Aucune des dimensions du conflit n’est occultée : les questions stratégiques et même tractiques bien sûr prépondérantes, mais aussi politiques (les pressions gouvernementales jouent un rôle capital dans toute cette histoire), culturelles, humaines (le récit est émaillé de très intéressants portraits des protagonistes, depuis les chefs militaires français jusqu’à Abd el Krim).
Cela dit, le cœur du livre se situe dans les deux conceptions à propos de la nature du conflit à mener qui oppose Lyautey à Pétain. Car cette partie de la carrière du vainqueur de Verdun est très peu connu, et tous ceux qui s’intéressent à cette période et à ce personnage trouveront de riches éléments de compréhension.
En effet, Max Schiavon décrit deux chefs militaires fidèles à eux-mêmes et à leurs conceptions en matière coloniale et militaire, Lyautey accordant une importance cruciale au temps et aux aspects politiques de la lutte, là où Paris veut une victoire nette et rapide. D’où une préférence pour Pétain qui avec méthode et puissance de feu, reconquiert les terrains perdus et apporte la victoire demandée.
Cette guerre en fait en annonce d’autres, plus cruelles et difficiles encore. Elle illustre l’illusion d’une puissance française sur ses colonies, en réalité bien fragile après la Grande Guerre et les obligations de la paix dans l’Europe des années 1920.
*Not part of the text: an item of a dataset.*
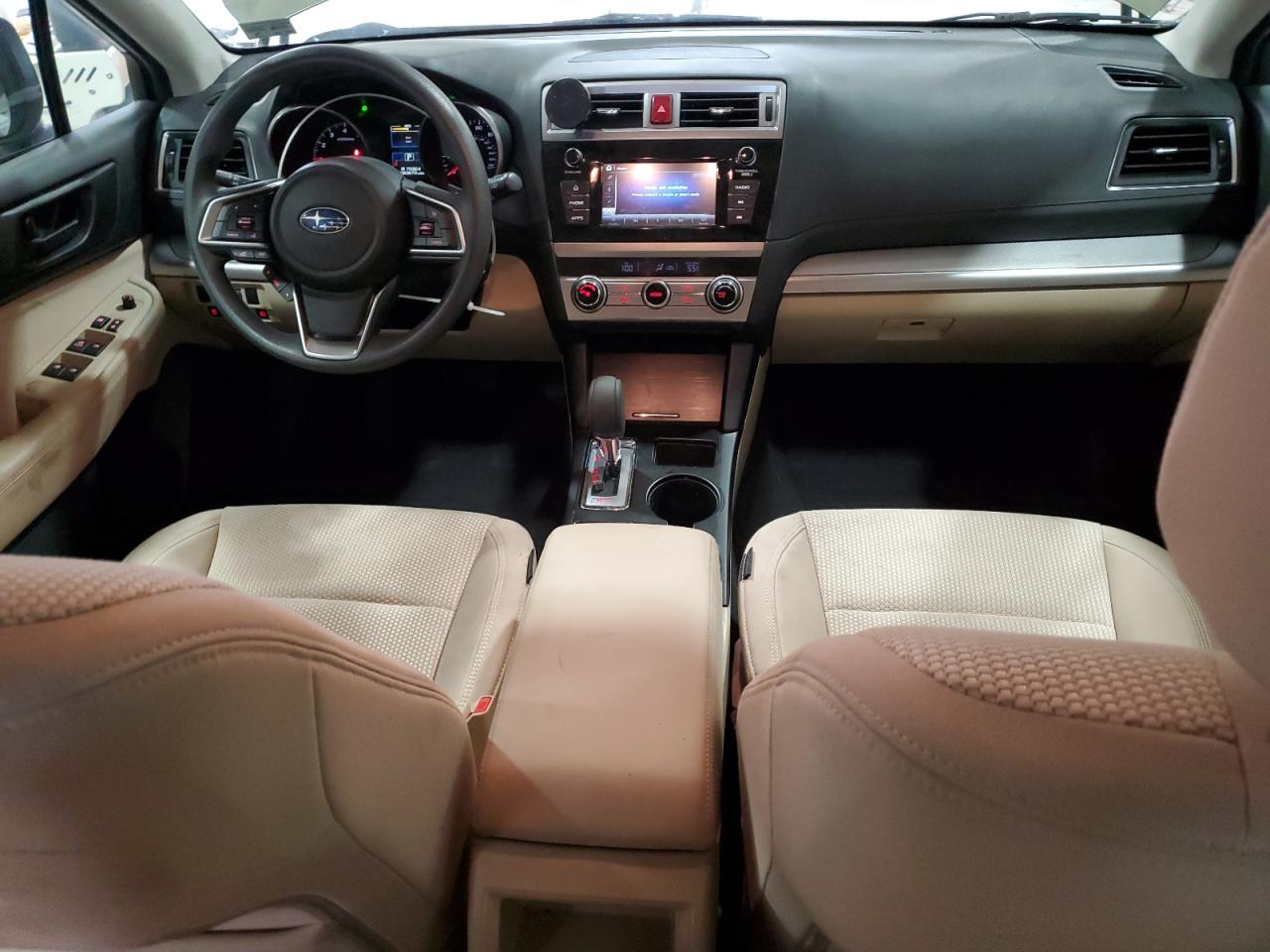 Subaru Outback 2.5i Image 9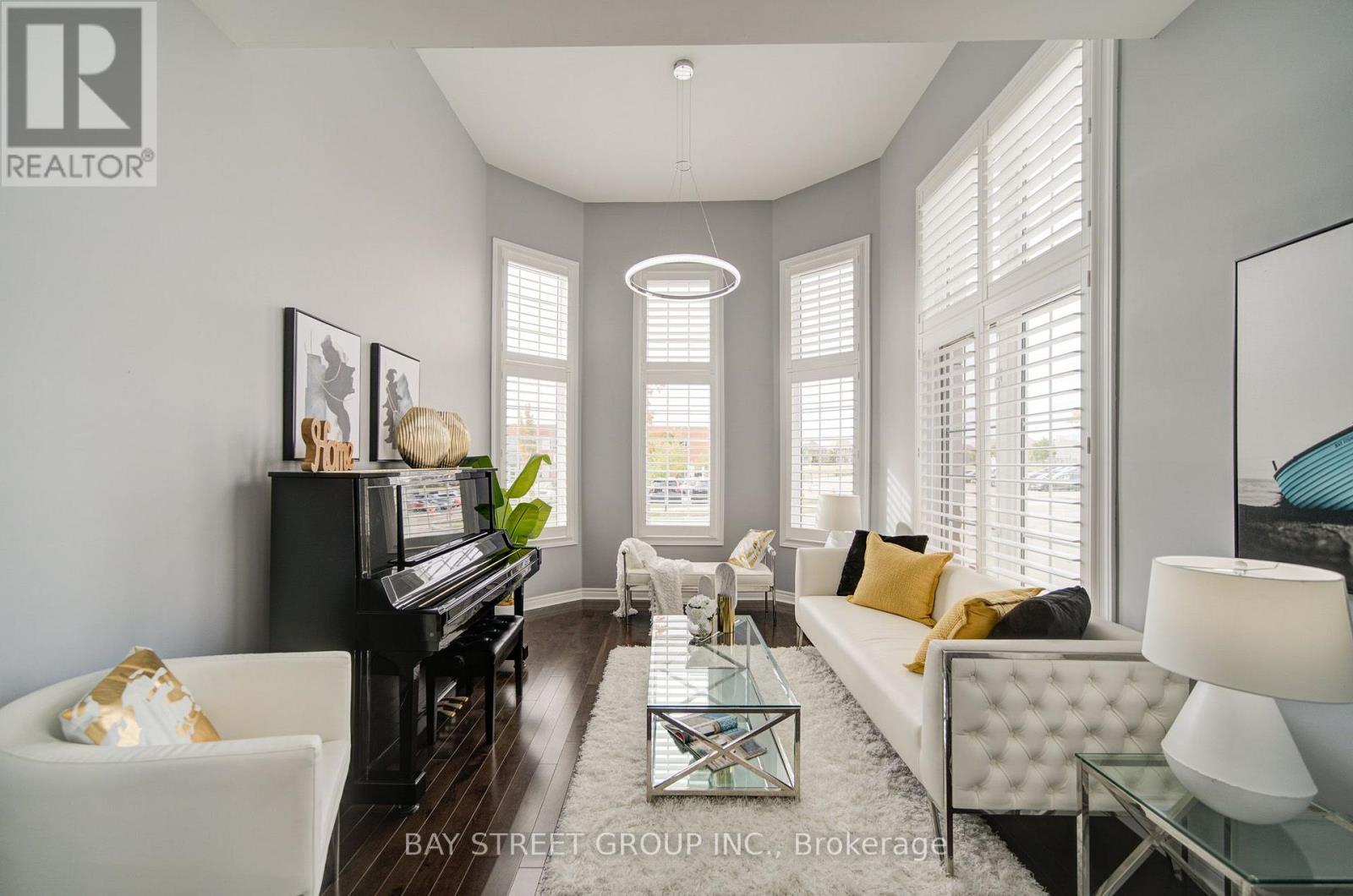 382 Begonia Gardens, Oakville, Ontario  L6M 1L7 - Photo 4 - W13843806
Le livre de Max Schiavon constitue donc une pierre à l’édifice de compréhension de cette époque cruciale.
frederic le moal
Max Schiavon, La Guerre du Rif. Maroc (1925–1926), Editions Pierre de Taillac, février 2016, 294 p., 24,90 €
Né au Maroc Oriental, connaissant la région de TAZA et fils d’un blessé en 1925, j’ai particulièrement apprécié le livre de Max Schiavon.
Les différents aspects du conflit ( militaire, politique)sont particulièrement bien évoqués. Quant à l’aspect opérationnel et à l’héroïsme des premiers mois , ils confirment ce qui m’en avait été dit par mon père, caporal dans un bataillon de tirailleurs sénégalais.